Jerry Schwarz wrote:
> For what its worth, I always envisioned alternative top level IO
> classes using streambuf's as the underlying transport. The central
> class of the iostream library is really streambuf and I've long
> regretted not calling the library "streambuf". I always encourage
> people to use streambuf's directly when all they want to do is
> transport bytes.
>
> So I like the idea of this library. It is more consistent with my
> ideas of how "iostream" should be used than is using istream or
> ostream directly to read and write binary files. But I would prefer
> it if binary_istream, binary_ostream and binary_iostream had a
> constructor that took a streambuf argument and that (at least
> optionall) ownership would be transfered to the streambuf. That is
> the stream would be responsible for freeing it.
>
The C++ streambuf class is still character-oriented, not byte-oriented.
In particular, it needs a char_traits parameter (and the associated
state_type typedef and length operation, both of which are meaningless
for bytes), the importance of which I question anyway. What's worse,
it's the stream buffer that's responsible for converting between the
"internal character representation" and the "external character
representation". This means that, unless it's in binary mode (and
perhaps even then, partially), the stream buffer does character set
conversion (if it's a wide stream, or perhaps some exotic system that
enforces a specific encoding for text files) and newline conversion.
Another example of the character-orientation of the buffers is that
there is a stringstream, not a vectorstream.

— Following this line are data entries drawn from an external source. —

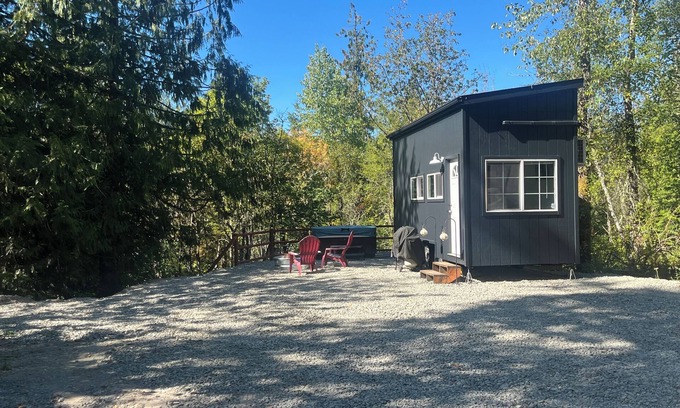 McKenna House | Highland Hideaway at the RMR Farmstead with Hot Tub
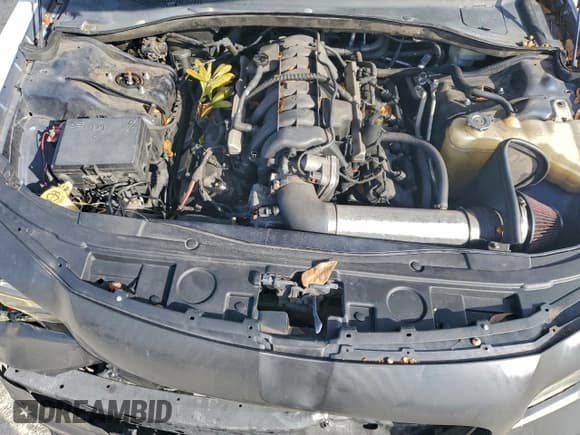 ✅ 2011 Chrysler 300 C • VIN: 2C3CA6CT6BH537221 • Lot: 94879955. Listed on Copart with 140,489 mi. Free auction sales archive from the USA and detailed vehicle history report at DreamBid. Image 11.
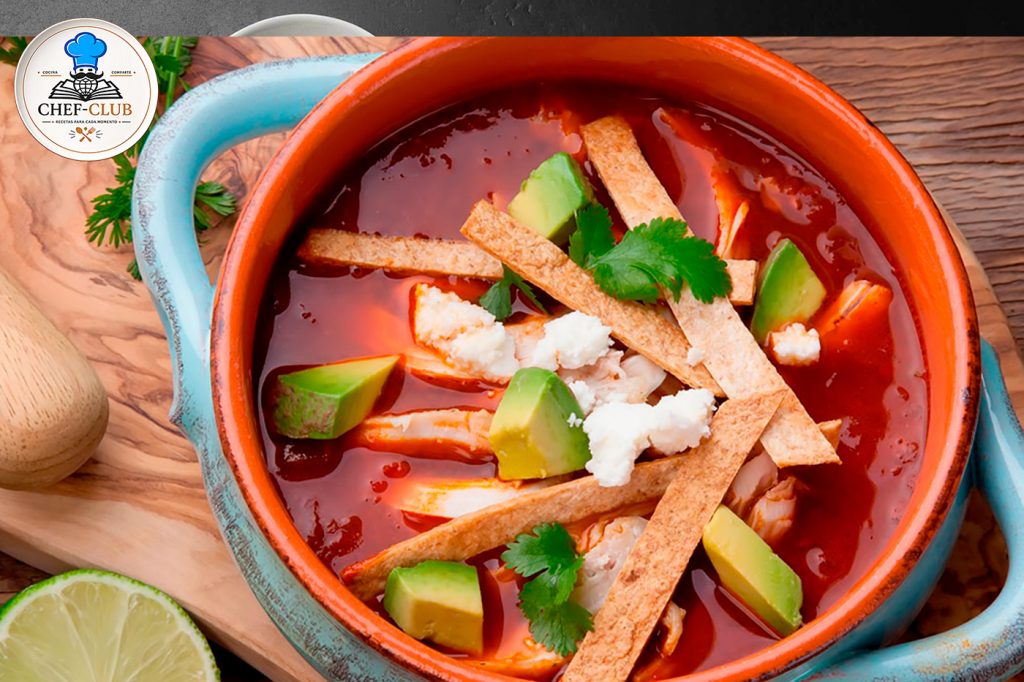 Sopa de tortilla mexicana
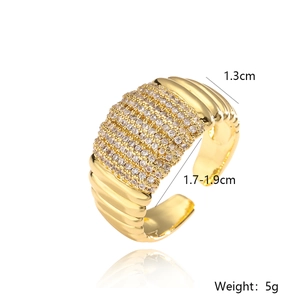 Size chart showing 1.3cm width and adjustable diameter of the gold zircon ring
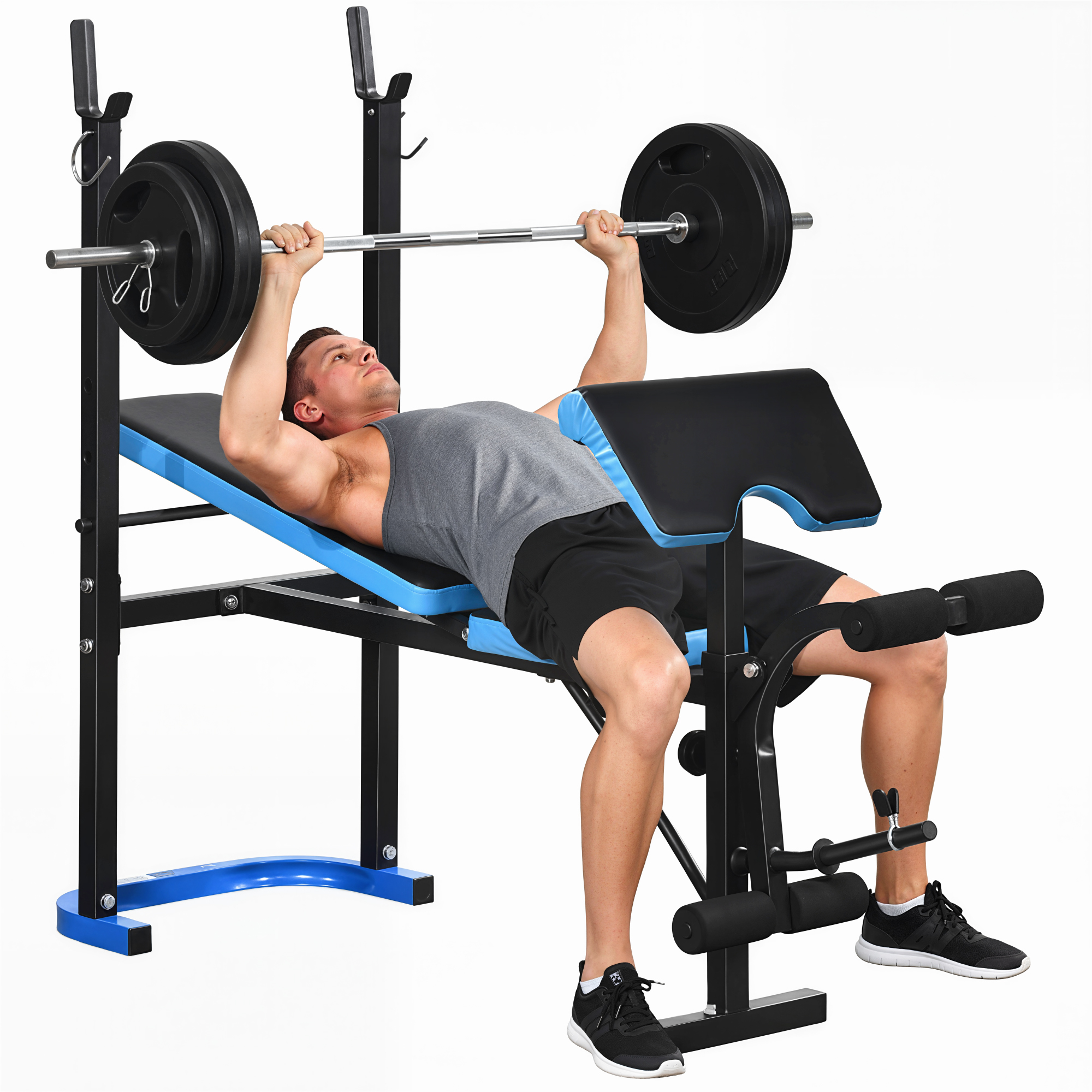 Uomo sdraiato su panca da palestra, solleva bilanciere con pesi. Panca nera con dettagli blu.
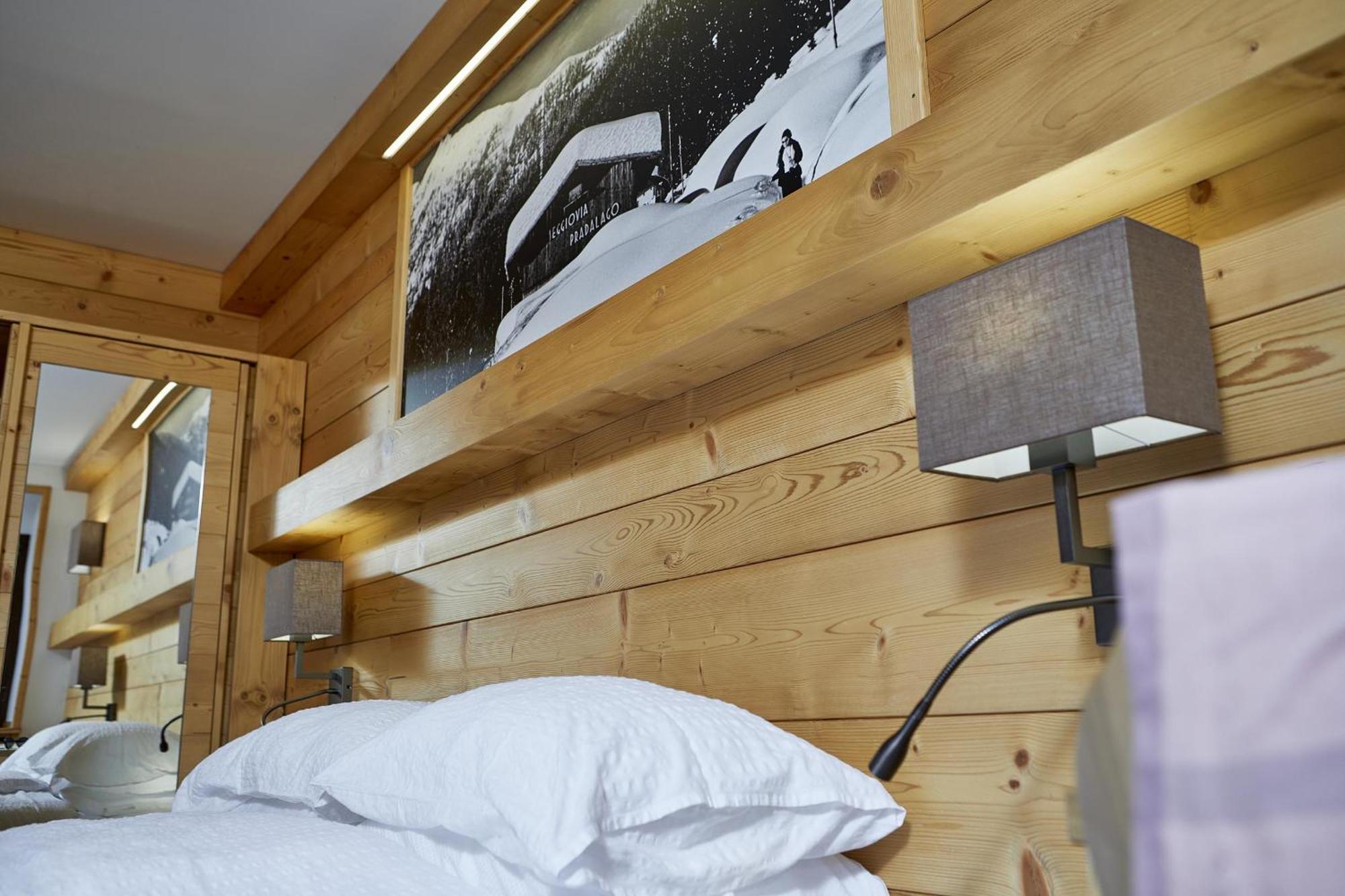 Hotel Garni Dello Sportivo Madonna Eksteriør bilde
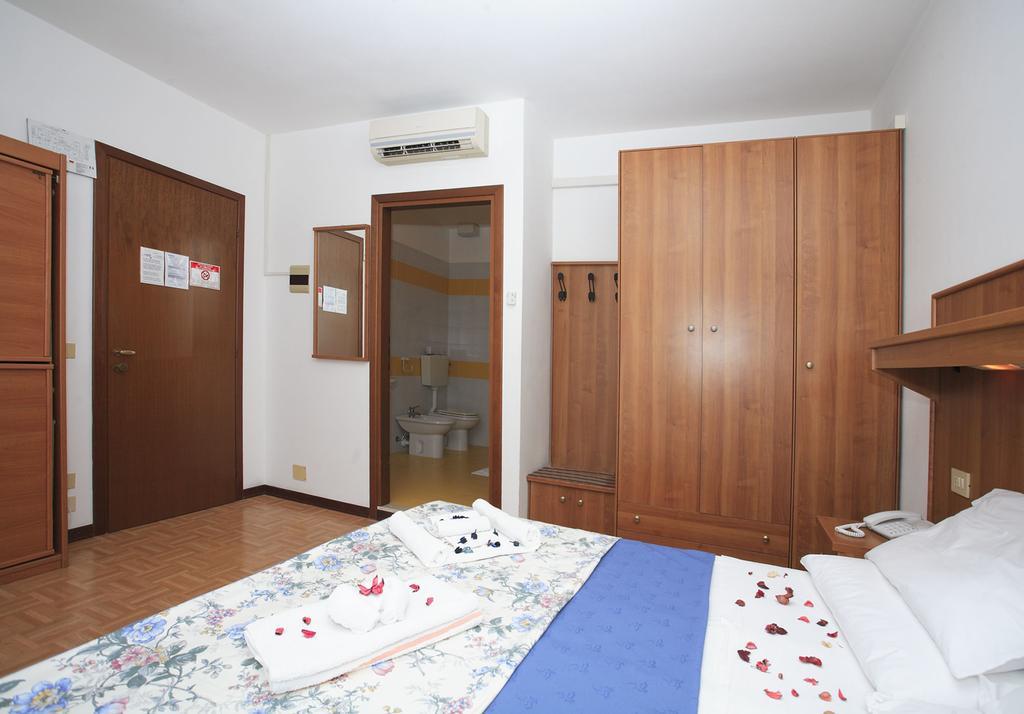 Hotel Aspe ビビオーネ エクステリア 写真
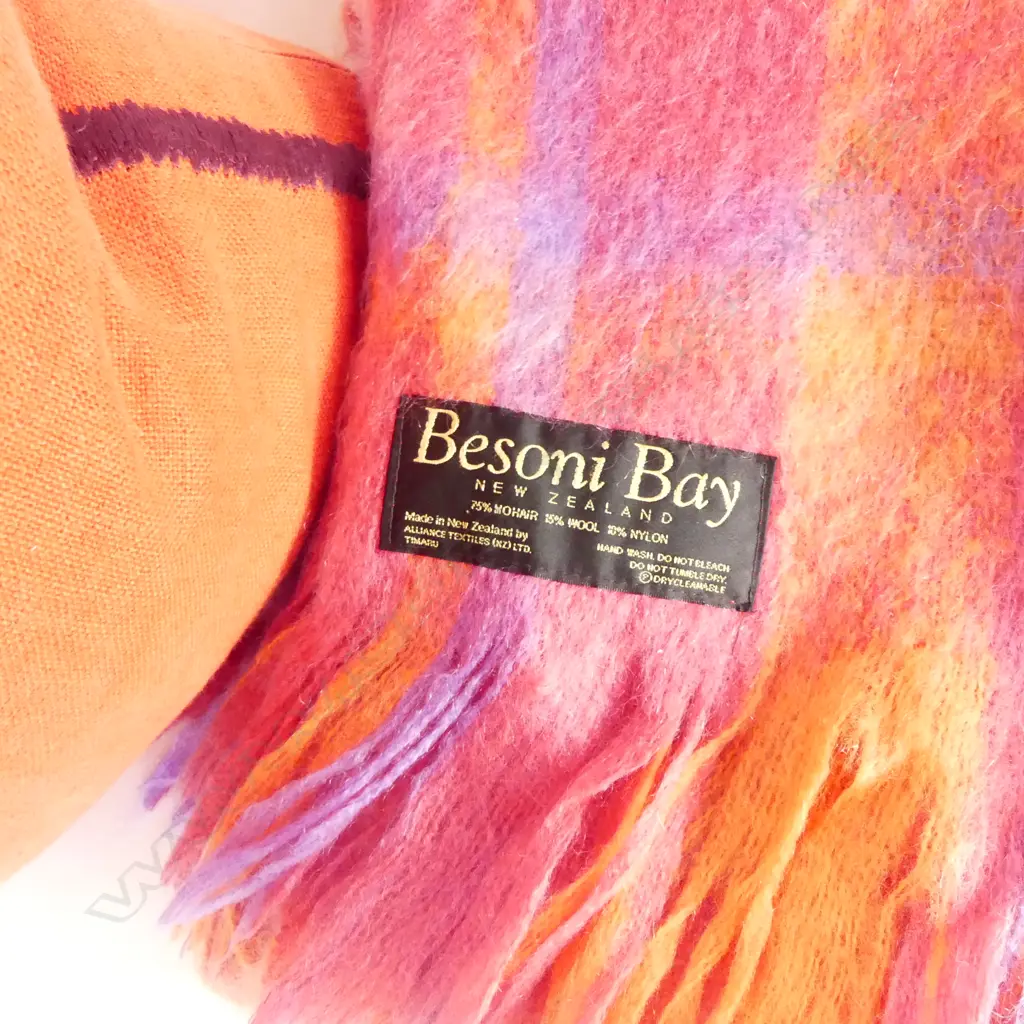 BESONI BAY MOHAIR BLANKET + RED LINEN CUSHION 450x450mm Image 1++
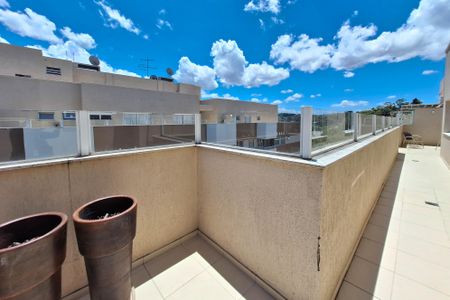 Apartamento à venda com 61m², 2 quartos e 1 vagaÁrea comum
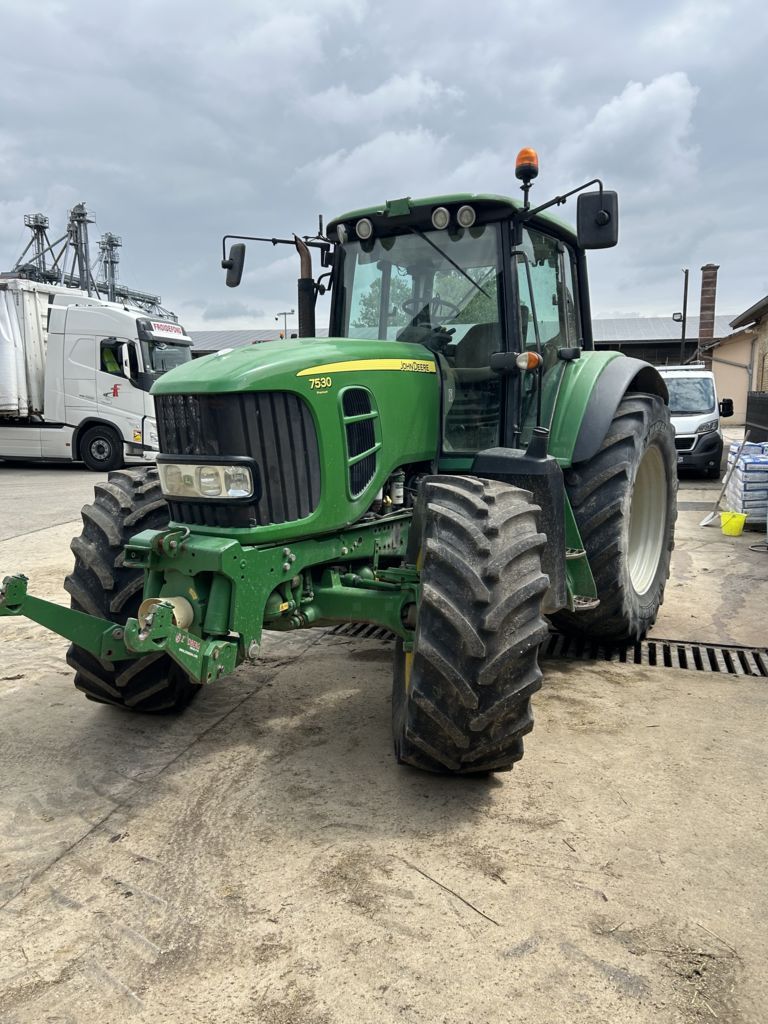 John Deere 7530 Premium Tractor €47,000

Having binary streams that can work with classical stream buffers is
good for retaining existing work, but I consider it unacceptable as the
mandatory underlying transport.

I think a new I/O system should be built in layers like this:

lowest) The byte transport. It always seemed weird and a severe
shortcoming to me that C++ basically assumed the base for external data
to be text. The basic underlying unit of external data should be the
byte (i.e. unsigned char in the C++ type system). To represent this
level, I think a source/sink/filter stack system like Boost.IOStreams
would be appropriate, but oriented strictly towards binary. Buffers are
on this level.

--) On top of the byte transport, there is the binary I/O layer, akin to
the proposed binary_iostream here. It handles the fun part of binary
I/O, such as assembling bytes into multibyte types (endianness) or
rearranging the internal data within bytes (also endianness, on systems
where char is large), and perhaps even converting to and from a
canonical external float representation.

--) Aside: Binary serialization of objects could build on the binary I/O
layer.

--) On top of the binary I/O comes the text conversion layer. This
should be a comprehensive character set and encoding library, capable of
converting between the internal character set(s) and external
representations. The external encoding should be chosen by compiler
default, locale or explicitly passed name. This builds on the binary I/O
and not directly the byte transport because the base type of a character
representation can be a multi-byte entity, e.g. in the UTF-16 encoding
with 8-bit bytes.

--) At this point, another filter layer could be inserted, to have
filters that work on the text level. This layer could be made
responsible for handling line ending conversion.

highest) Finally, once we've got text, we add a formatting layer like
the current iostreams.

This gives each layer a clearly defined function, and the programmer a
great choice between ease of use and flexibility.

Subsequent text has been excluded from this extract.